PROVIDED RECORDS =
★ ★ ★ ★ ★ ★ ★

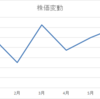 投資の鉄則②積立投資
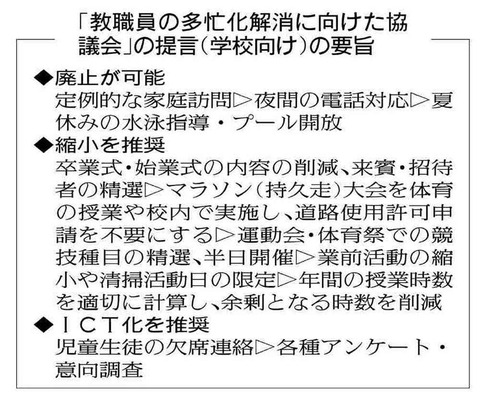 今微妙に困っている事を書くトピ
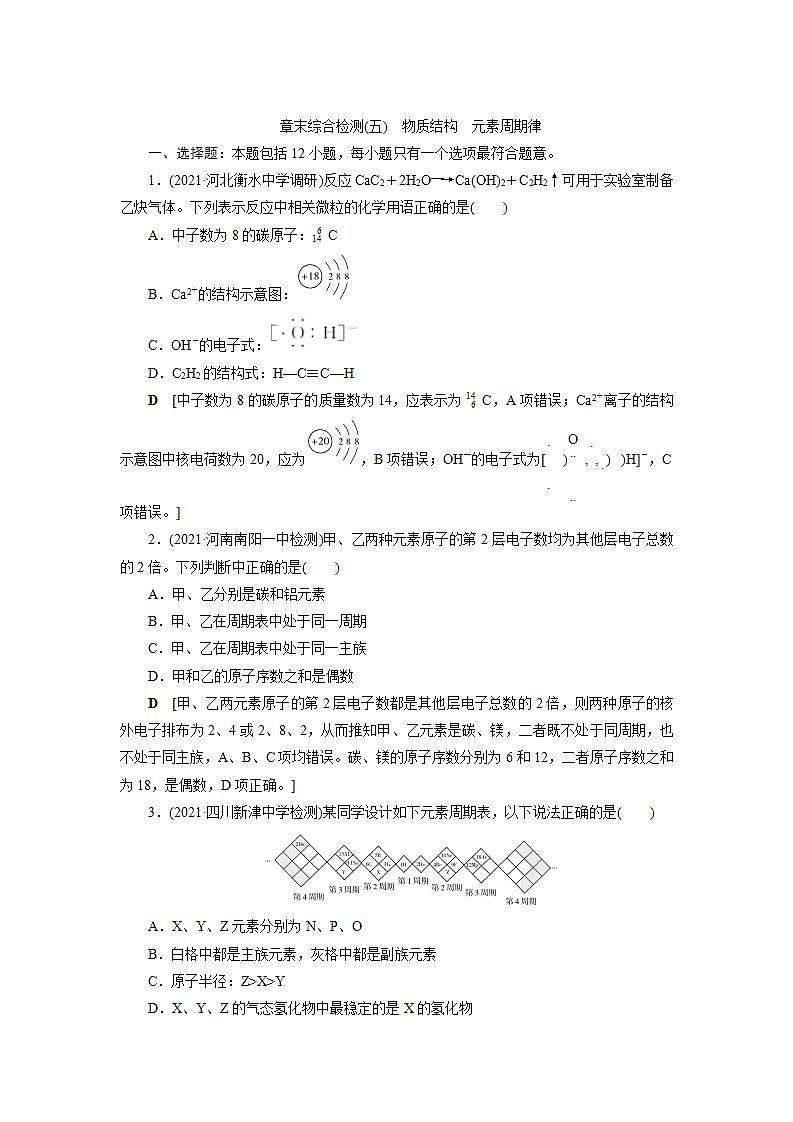 2022高考化学一轮复习训练:专题突破(五) 短周期主族元素的推断及应用第1页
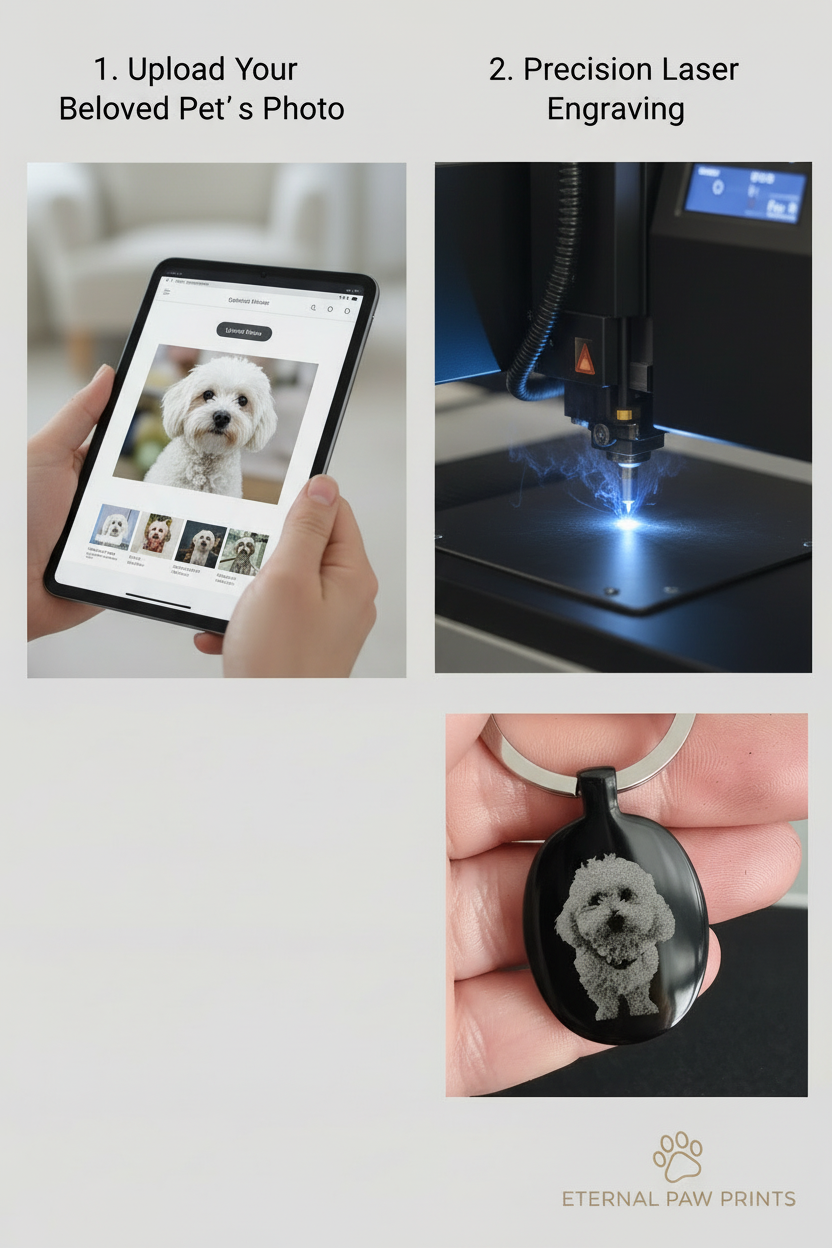 Mobile-friendly customization process banner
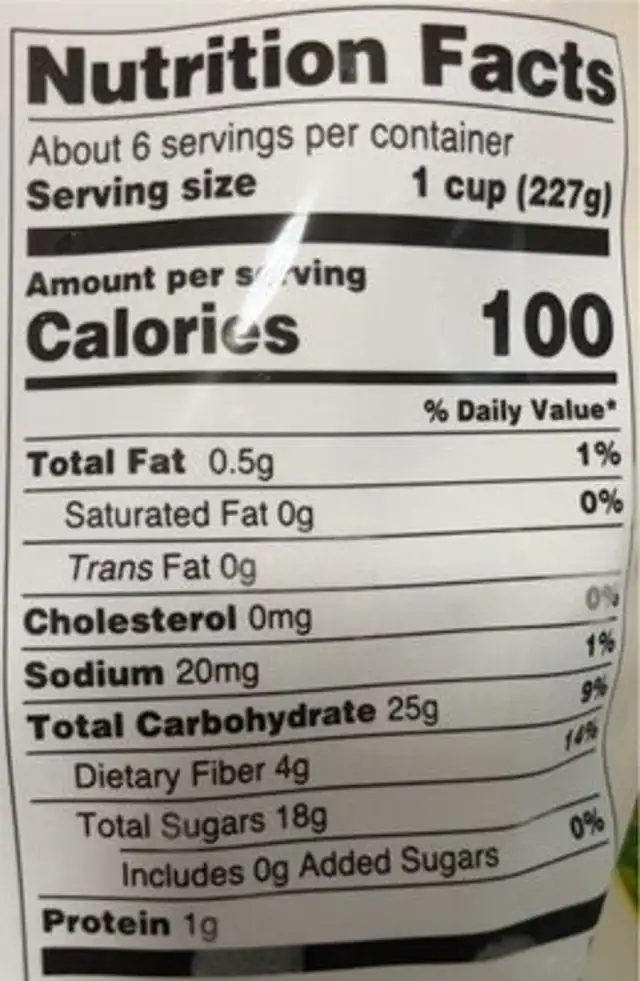 Papaya Healthy Treat nutrition facts table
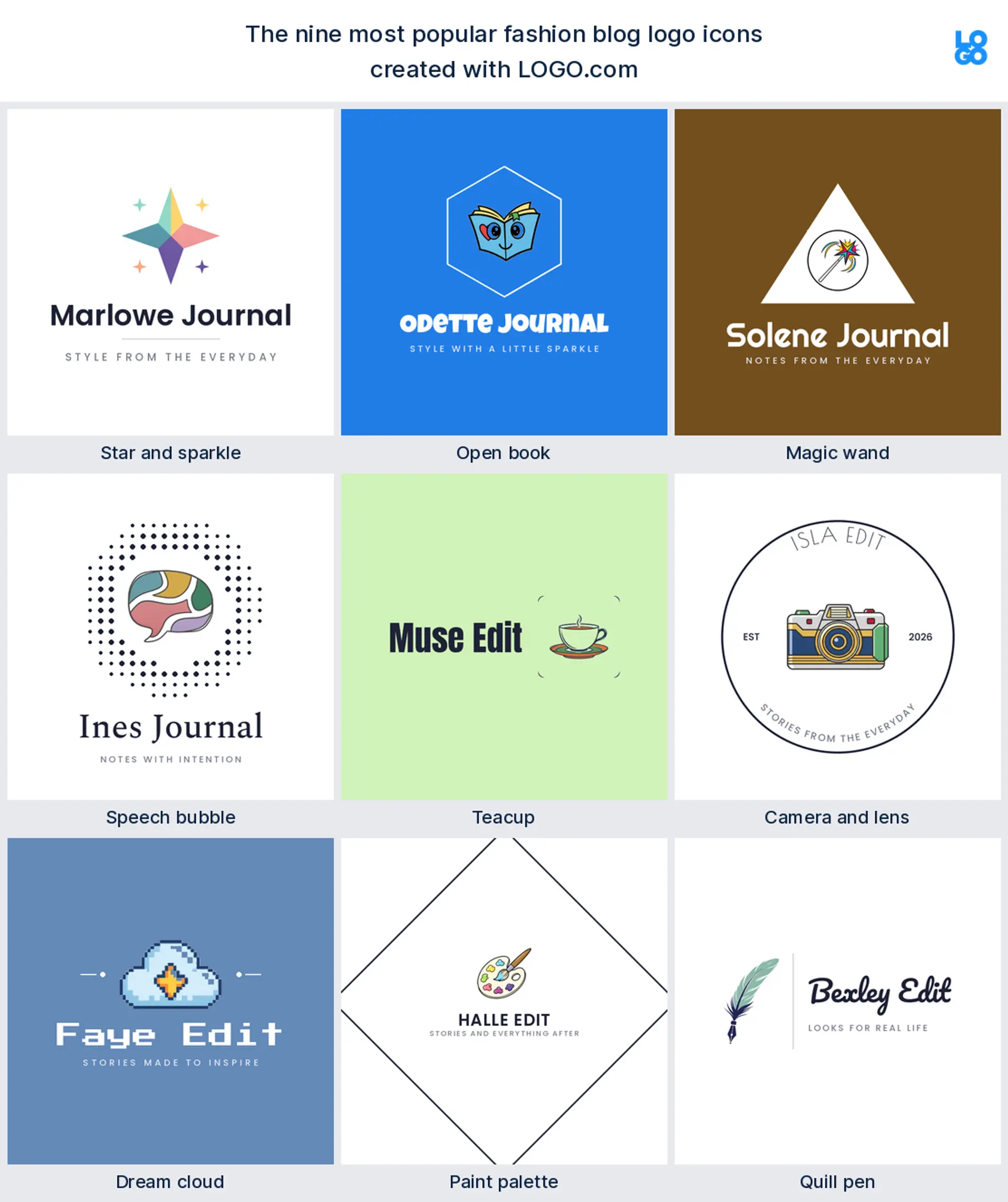 The nine most popular fashion blog logo symbols on LOGO.com, shown across nine styles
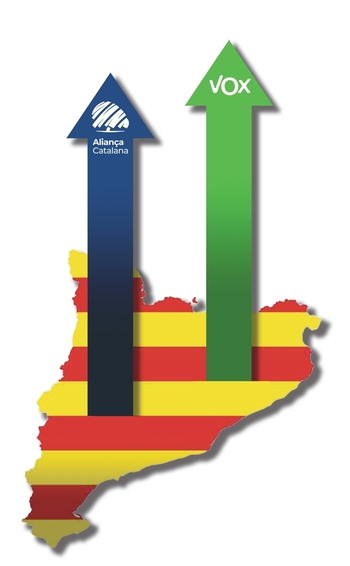 Giro de guion en Cataluña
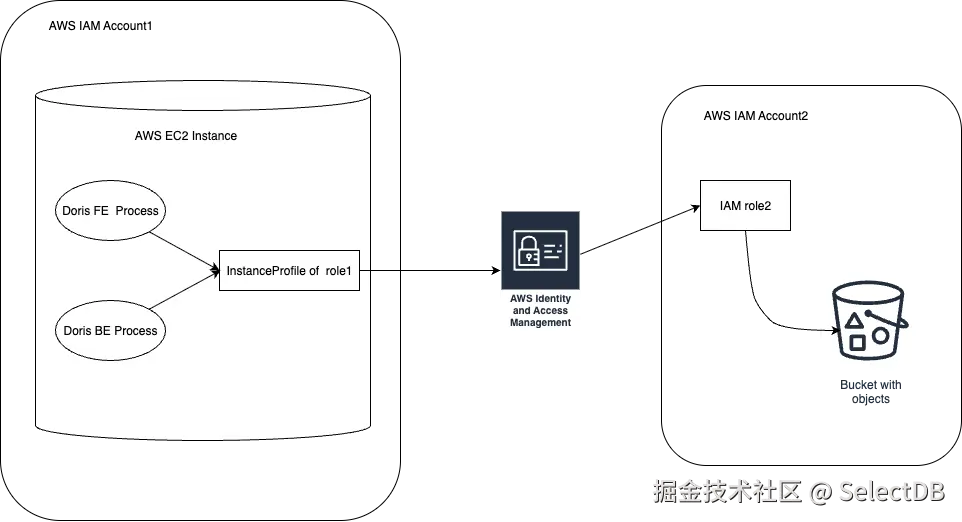 三、Apache Doris 如何应用 AWS IAM Assume Role ​鉴权机制.PNG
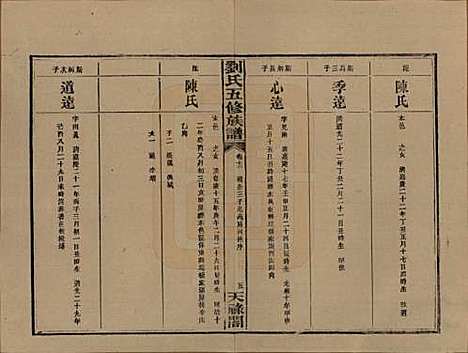 [下载][刘氏五修族谱]湖南刘氏(共十七卷卷首二卷卷末二卷)__民国三十六年（1947）_十二.pdf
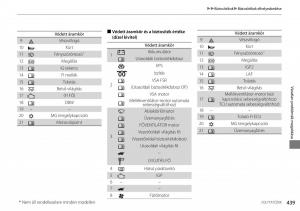 Honda-Accord-VIII-8-Kezelesi-utmutato page 440 min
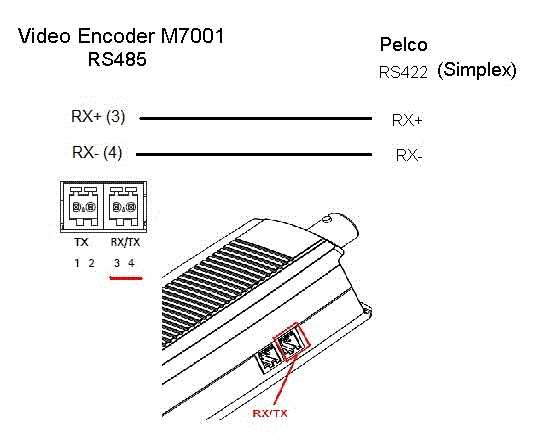 axis-m3011-datasheet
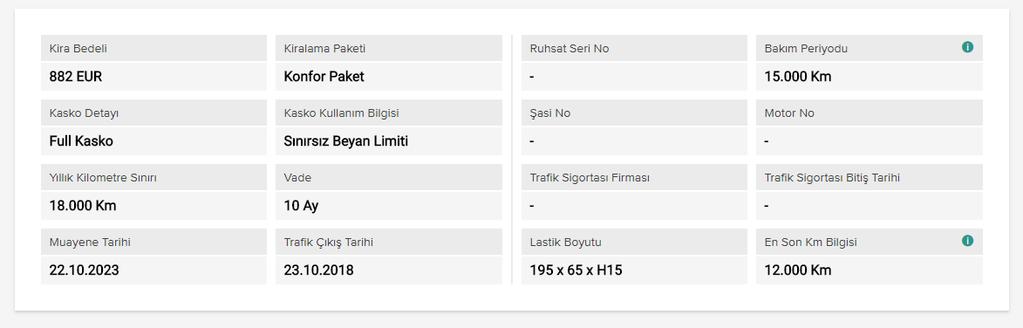 Aracınıza ait aşağıdaki bilgilere tablodan erişebilirsiniz; Kira Bedeli Kiralama Paketi Kasko Detayı Kasko Kullanım Bilgisi Yıllık Kilometre Sınırı Vade Muayene Tarihi Trafik Çıkış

★ ★ ★ ★ ★ ★ ★

Without the pictures, write out the whole listing exactly as it appears.

YOUR SOLUTION =
 投資の鉄則②積立投資
 今微妙に困っている事を書くトピ
 2022高考化学一轮复习训练:专题突破(五) 短周期主族元素的推断及应用第1页
 Mobile-friendly customization process banner
 Papaya Healthy Treat nutrition facts table
 The nine most popular fashion blog logo symbols on LOGO.com, shown across nine styles
 Giro de guion en Cataluña
 三、Apache Doris 如何应用 AWS IAM Assume Role ​鉴权机制.PNG
 [下载][刘氏五修族谱]湖南刘氏(共十七卷卷首二卷卷末二卷)__民国三十六年（1947）_十二.pdf
 Honda-Accord-VIII-8-Kezelesi-utmutato page 440 min
 axis-m3011-datasheet
 Aracınıza ait aşağıdaki bilgilere tablodan erişebilirsiniz; Kira Bedeli Kiralama Paketi Kasko Detayı Kasko Kullanım Bilgisi Yıllık Kilometre Sınırı Vade Muayene Tarihi Trafik Çıkış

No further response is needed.